Cette surveillance des filles serait ainsi à mettre sur le compte d'une crise de la masculinité, particulièrement aigue dans les « cités », et d'autant plus sensible qu'elle concerne aussi les valeurs viriles existant dans le milieu professionnel.
Disqualification des conduites virilistes à l'usine
On peut se demander si les garçons de cité ne payent pas au prix fort, au moment de leur mise au travail, les différences de comportement, les effets d'habitus sexués. Au travail, tout se passe comme si la prime allait dorénavant au féminin car ces garçons idéal-typiques, fabriqués par une longue histoire de ségrégation spatiale et sociale, semblent aujourd'hui bel et bien empêtrés dans leur virilité. Virilité qui a très largement perdu sa valeur sur le marché interne du travail ouvrier où d'autres valeurs sont louées (le « dynamisme », le savoir-être, le sens de l'initiative, le goût des responsabilités, un certain sens du dialogue, etc.) et que les garçons de cité tendent à refaire fonctionner sur le marché matrimonial. [...]

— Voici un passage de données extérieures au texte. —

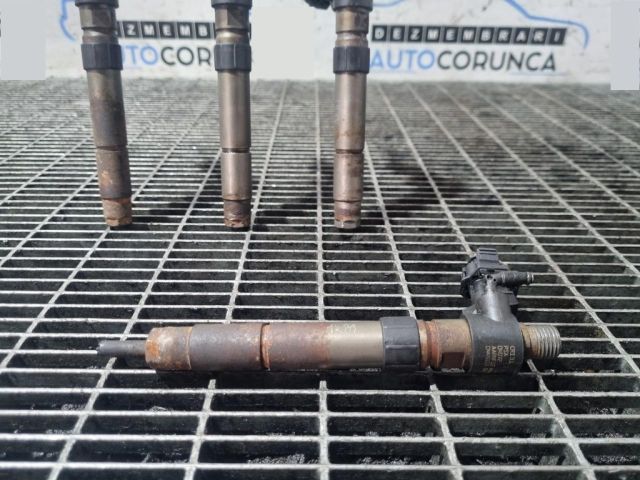 bontott PEUGEOT 4007 Porlasztó (1 db)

Dans la configuration actuelle des rapports au travail, des exigences de la main d'oeuvre ouvrière, le « machisme » des garçons de cité ne peut jouer que contre eux sur le marché interne et externe du travail. [...]
En fait, les garçons issus de l'immigration, les jeunes de cité, tendent de plus en plus à fonctionner comme un groupe fermé, hostile, souvent agressif vis-à-vis de l'extérieur. Ces attitudes, qui se sont considérablement durcies depuis cinq-six ans, ont à voir avec la « culture de rue » dans laquelle ils baignent depuis des années et qui les a largement constitués socialement... Dans cette culture, les valeurs de virilité, déjà valorisées, se sont trouvées exacerbées, et ce, en lien étroit avec la ségrégation (spatiale et sociale) croissante.

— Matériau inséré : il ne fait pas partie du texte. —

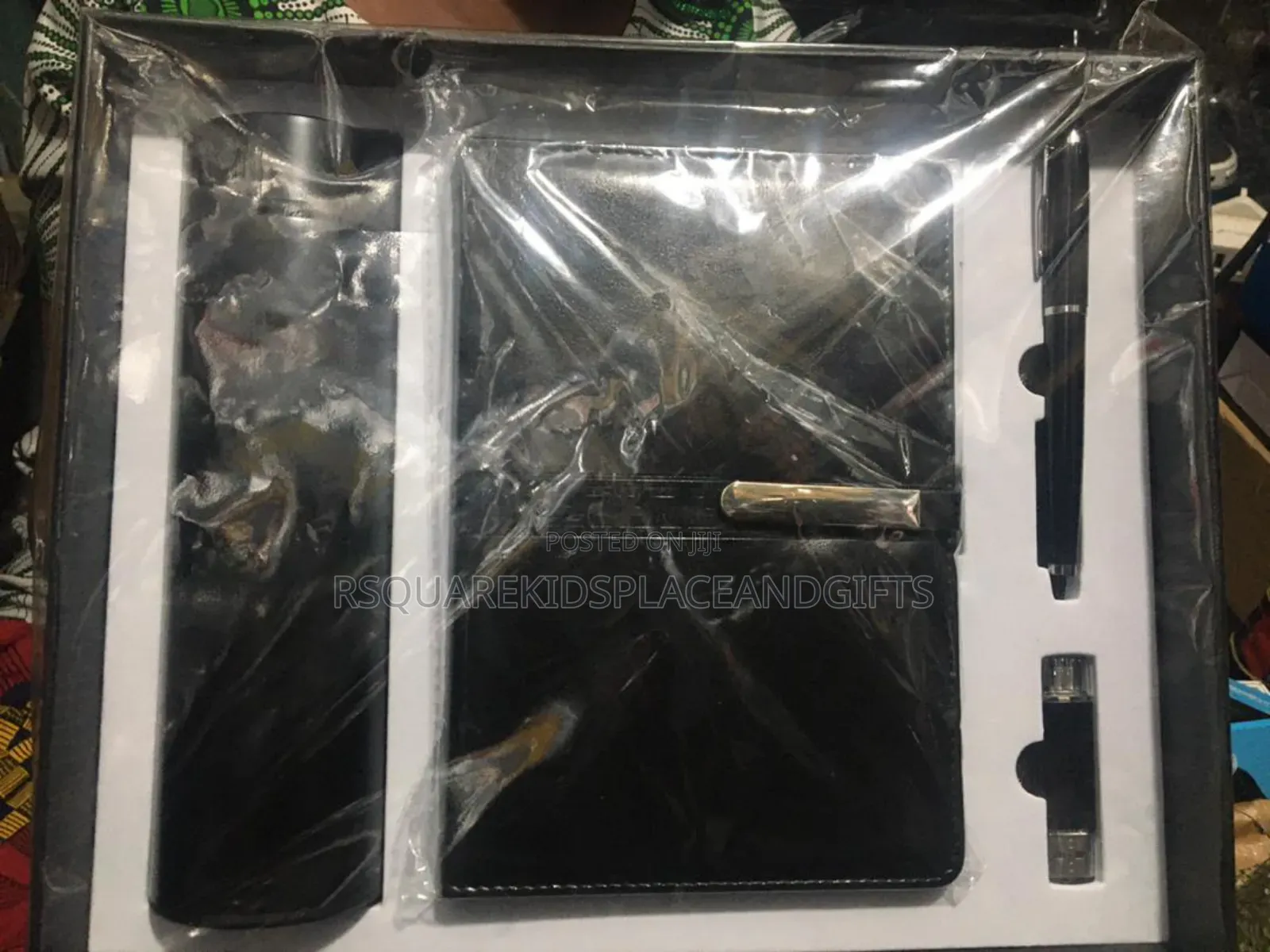 4 in 1 Gift Set Plus Flash Drive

Source : Stéphane Beaud et Michel Pialoux, « Jeunes ouvrier(e)s à l'usine. Notes de recherche sur la concurrence garçons/filles et sur la remise en cause de la masculinité ouvrière », Travail, Genre et Sociétés n° 8, novembre 2002.
Ce sociologue nuance toutefois ses propos, considérant que l'école représente une institution de socialisation importante, qui permet de contrebalancer les effets du contrôle social exercé sur les jeunes filles. Le milieu social populaire, le mode de vie urbain spécifique des « cités », la double socialisation, familiale et scolaire, parfois contradictoire, constitueraient autant d'éléments à prendre en considération pour relativiser la contestation de la mixité.
Néanmoins, l'école elle-même n'est plus à l'abri de pressions visant à contester la réalité de la mixité.
* 36 Article intitulé Action ou vérité - Notes ethnographiques sur la socialisation sexuelle des adolescents dans un collège de banlieue, revue Ville Ecole Intégration n° 116, pages 171 à 194, mars 1999.
* 37 C'est votre rapporteur qui souligne.